Making Scriptural Contrasts

To make scriptural contrasts, place “ideas or events side by side so principles become more evident through the contrast” (Teaching the Gospel: A Handbook, 33). For example, if you were to contrast King Benjamin’s words and actions with those of the wicked King Noah, you might create a chart like this one. This contrast between righteous service and selfish leadership could be used in a lesson on the principle of service.

King Benjamin’s Service (Mosiah 2:11–14, 18)

King Noah’s Lack of Service (Mosiah 11:1–15)
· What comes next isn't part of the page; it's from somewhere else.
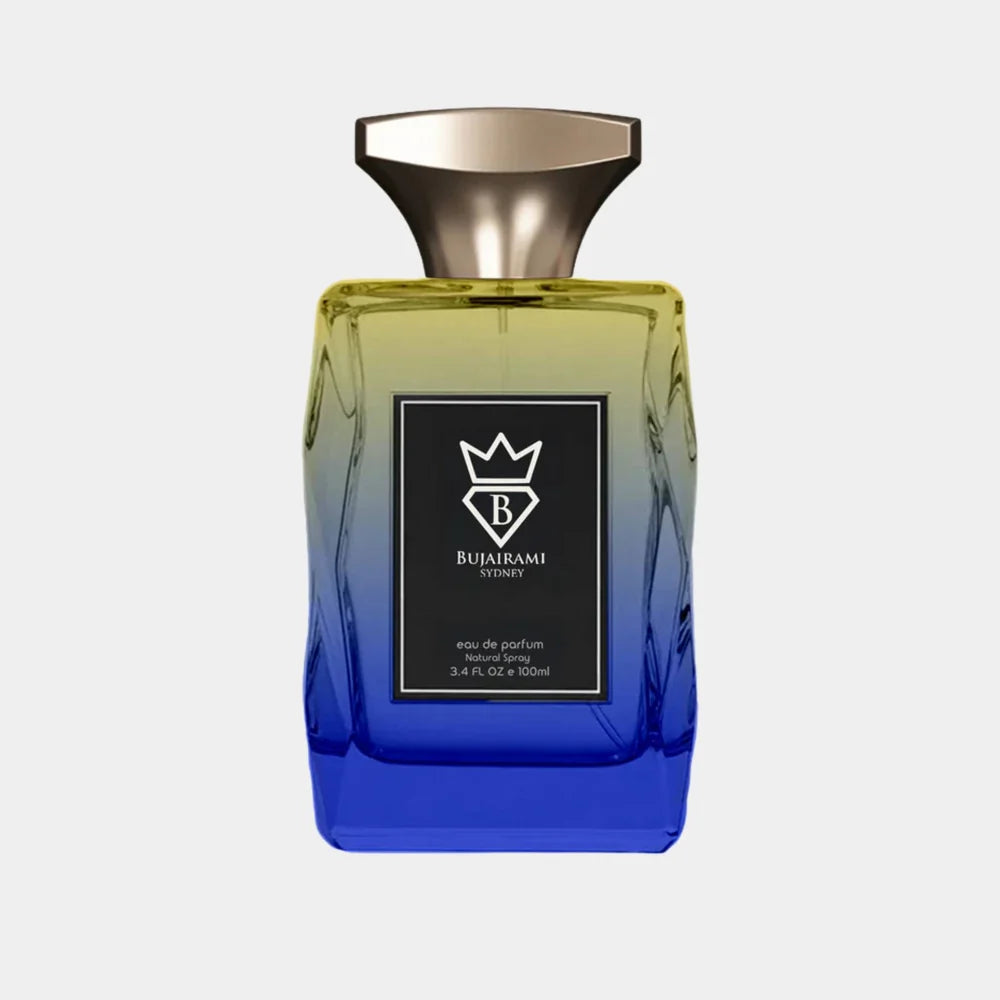 Bujairami Dare Me 100ml Eau de Parfum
  • Served his people with all his “might, mind and strength” (v. 11)

  • Did not seek for the riches of his people (see v. 12)

  • Did not let his people be confined in dungeons, have slaves, murder, plunder, steal, or commit adultery; did teach them to keep the commandments (see v. 13)
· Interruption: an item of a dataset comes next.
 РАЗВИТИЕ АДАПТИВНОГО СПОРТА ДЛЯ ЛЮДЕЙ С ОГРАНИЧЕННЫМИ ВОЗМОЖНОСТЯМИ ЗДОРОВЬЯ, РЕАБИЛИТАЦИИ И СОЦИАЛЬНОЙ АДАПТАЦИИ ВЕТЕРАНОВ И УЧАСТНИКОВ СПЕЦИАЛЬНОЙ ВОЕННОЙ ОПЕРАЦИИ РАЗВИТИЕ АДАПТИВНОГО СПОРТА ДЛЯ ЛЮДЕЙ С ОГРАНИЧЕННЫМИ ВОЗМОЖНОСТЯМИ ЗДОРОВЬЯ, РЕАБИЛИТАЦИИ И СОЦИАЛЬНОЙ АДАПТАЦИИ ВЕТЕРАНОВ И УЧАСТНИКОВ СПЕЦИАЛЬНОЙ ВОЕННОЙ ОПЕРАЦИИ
  • Did not burden his people with grievous taxes (see v. 14)

  • Labored with his own hands (see v. 14)

  • Taught his people “to labor to serve one another” (v. 18)

  • Supported “himself, and his wives and his concubines; and also his priests and their wives and their concubines” on the taxes of his people (v. 4)

  • “Placed his heart upon his riches” (v. 14)

  • Deceived his people with “vain and flattering words” (v. 7)

  • “Laid a tax of one fifth part of all [his people] possessed” (v. 3)

  • Was supported in his laziness, idolatry, and whoredoms (see v. 6)

  • Forced his people to build spacious buildings, a spacious palace, ornamented seats for the high priests, and towers (see vv. 8–13)

Handout 26

Instructions

Take a broader perspective of Doctrine and Covenants 122 by completing the following activities. Do the first activity in your scriptures and the others in the spaces provided.

Scripture Chaining

Create a scripture chain of at least two and not more than five key scriptures on the topic of “steadfastness.” Link the scriptures to Doctrine and Covenants 122:9 (see footnote 9a).

Noting Patterns or Repetition

The word if is repeated several times in Doctrine and Covenants 122:5–7. List the phrases that follow the word if in these verses.

Making Scriptural Contrasts

Contrast the actions of “the pure in heart, and the wise, and the noble, and the virtuous” in Doctrine and Covenants 122:2 with the actions of Laman and Lemuel in 1 Nephi 2:11–13.